More strikingly, none of the singles from Born This Way have sold 500,000 copies or more, unlike many of her early singles like "Poker Face" (five million sold), "Bad Romance" (four million sold) and "Paparazzi" (three million sold). While Gaga may be the world's most unpredictable pop star right now, with an unmatched fanbase of Little Monsters, that repute isn't translating to sales for the singles from Born This Way, which, as an album, sold like hotcakes when it was released earlier this year.
Rightly so, during the scene of "Marry The Night" in which the nurse checks Gaga's vitals, the pop star recognizes that her own evolution into an avant garde creative entity is now being threatened by other lady pop stars who are flexing their own creative muscles, both sonically and visually. Although Lady Gaga may have reintroduced the pop experience as we know it today -- in which female pop stars are redefining the genre to be cool again, through showcasing their personalities and exploring fashion, various genres and even other media, like movies, much like Madonna did -- even Gaga's dominance is now being matched against Katy Perry and Rihanna's.
Rest assured, though, Little Monsters, that Gaga is using the "Marry The Night" video as a statement to Rihanna and Ms. Perry. Gaga may have had a slew of lower-performing singles, but she's going to return in top form for her next album; she tells us so during the same examination scene. In between the nurse telling Gaga about her vitals, Gaga announces her return to top form, in part referencing her health, in part referencing her career on the singles chart: "I'm gonna make it... I'm gonna be a star. You know why? Because I have nothing left to lose."
As the "Marry The Night" video continues to rack up views, sales may increase, they may not (more people will be buying cereal now, thanks to Gaga's artistic breakdown at the six-minute mark). The competition among "Marry The Night," "We Found Love" and "The One That Got Away" on the Billboard Hot 100 will be tight. However, Gaga's recent Grammy nominations -- she saw more than Rihanna or Katy Perry -- will certainly help her charting for the single.
Movers & Shakers: Rihanna and Calvin Harris hold number one on the Billboard Hot 100 with "We Found Love," while Michael Buble's holiday album, Christmas, claims the top spot on albums two weeks after being released. Nickelback settles for number two with Here And Now, and Rihanna's sixth album, Talk That Talk, debuts at number three.
Roman Is Back: Nicki Minaj's alternate ego, Roman, is back after Minaj's venture into pop territory for "Super Bass," The rapper-turned-pop-star who has turned her focus back to rap again released "Roman In Moscow" on Friday after some major teasing on Twitter. The track marks the first release from her new LP: Pink Friday: Roman Reloaded, which is supposed to be released on Valentine's Day 2012.

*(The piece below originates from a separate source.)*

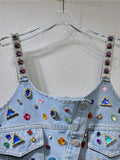 Gwmlk Women Denim Camis Colorful Diamond Crystal Single Breasted Sleeveless Slim Short Tank Tops 2024 Summer New Fashion 29L1301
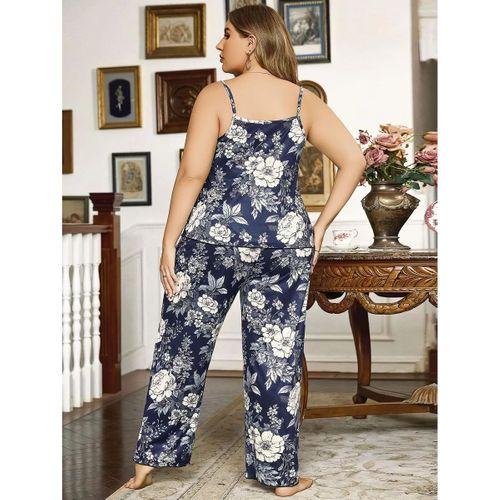 Büyük Beden Çiçek Desenli İnce Askılı Lacivert 2'li Takım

The track itself sees Minaj return as the relentless Roman, who absolutely destroyed on the Pink Friday album track "Roman's Revenge" featuring Eminem as Slim Shady. The vengeful attitude continues on "Roman In Moscow," as Minaj spits some of her most vivid, fiercest raps yet: "Who's bad? I ain't on my period but I got a new pad," "Your favorite rapper probably suck/As for me, ice it, hockey puck," "Brace yourself, buck tooth... swallow balls, nuts too."